> _DATA SEGMENT_
——————

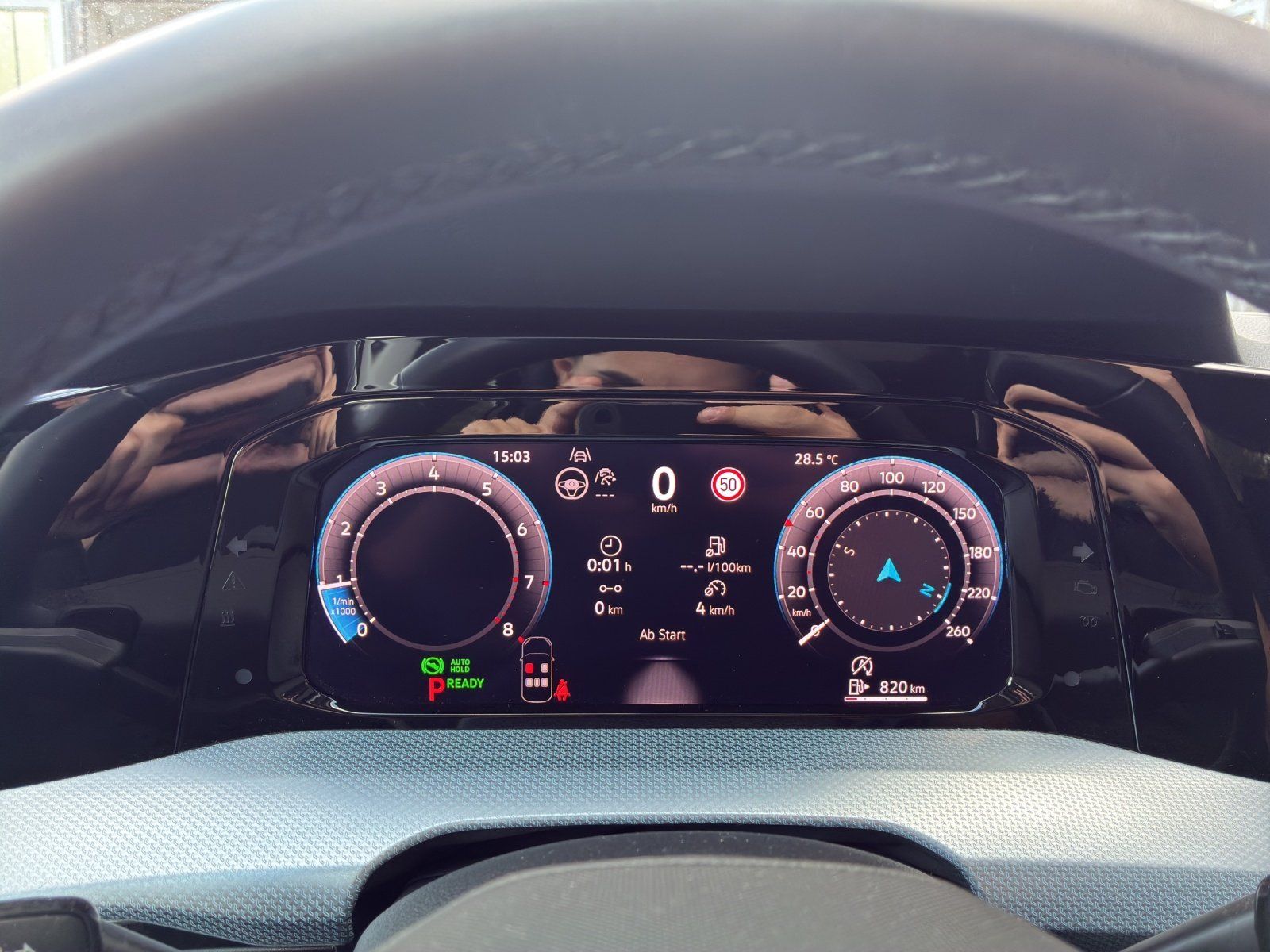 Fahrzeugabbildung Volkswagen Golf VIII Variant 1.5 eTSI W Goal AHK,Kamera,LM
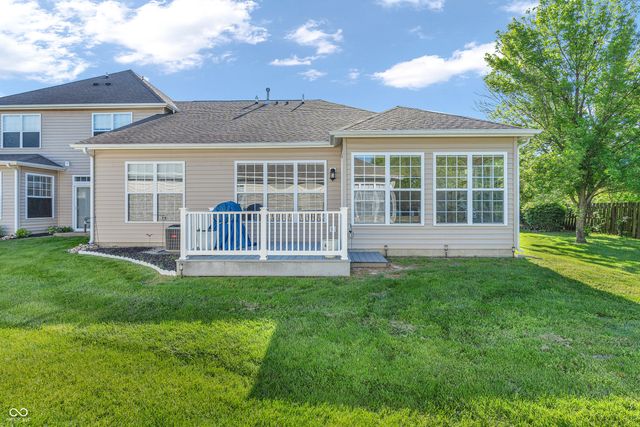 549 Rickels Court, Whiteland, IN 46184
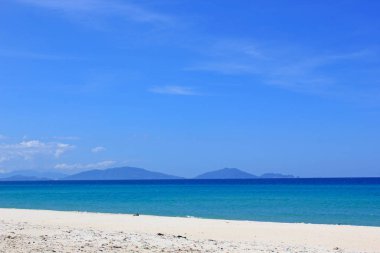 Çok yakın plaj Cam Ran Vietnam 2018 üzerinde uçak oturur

——————

> _TASK OBJECTIVE_
The expected answer is an unaltered copy of the listing, images removed.

> _OUTPUT OF THE EXERCISE_
 Fahrzeugabbildung Volkswagen Golf VIII Variant 1.5 eTSI W Goal AHK,Kamera,LM
 549 Rickels Court, Whiteland, IN 46184
 Çok yakın plaj Cam Ran Vietnam 2018 üzerinde uçak oturur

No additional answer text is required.